James Ellroy’s parents separated when he was a boy. In March 1958, on his tenth birthday, his mother, Jean Hilliker, asked James, an only child, which of them he wanted to live with: her or his father. When he chose his father, she beat the shit out of him. The stunned youngster recalled something he had read in a book about witchcraft and issued a curse on his mother, wishing her dead. Three months later her body was found dumped by the side of a road in suburban Los Angeles. The killer was never identified, the case never solved.
This bizarre coincidence, Ellroy explains in his remarkable memoir, gave rise to an agonizing sense of guilt and a lifelong search for women’s forgiveness.

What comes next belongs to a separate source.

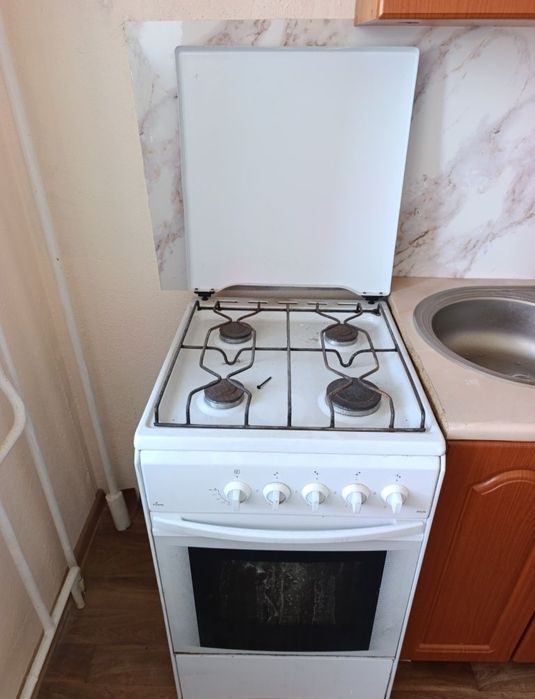 Продам газ плиту и дверь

It began with his peeping through windows into girls’ bedrooms and soon escalated to breaking and entering. Young Ellroy would wander around the girls’ houses when they were not at home, sniffing pillows, etc. Later, he would lie in the dark, fantasizing, and masturbating. Progress from looking to touching, or even talking, was slow. Acne, awkwardness, alcoholism and drug addiction got in the way. He would scrimp and save in order to spend nights with Sunset Strip hookers, often just cuddling and chatting.
But his success as a writer resulted in an increasing success with women as well. In the end, nothing else mattered much. To sum it up, one of his ex-lovers’ words are apt indeed: “All you’ve got is your audience and your prey.”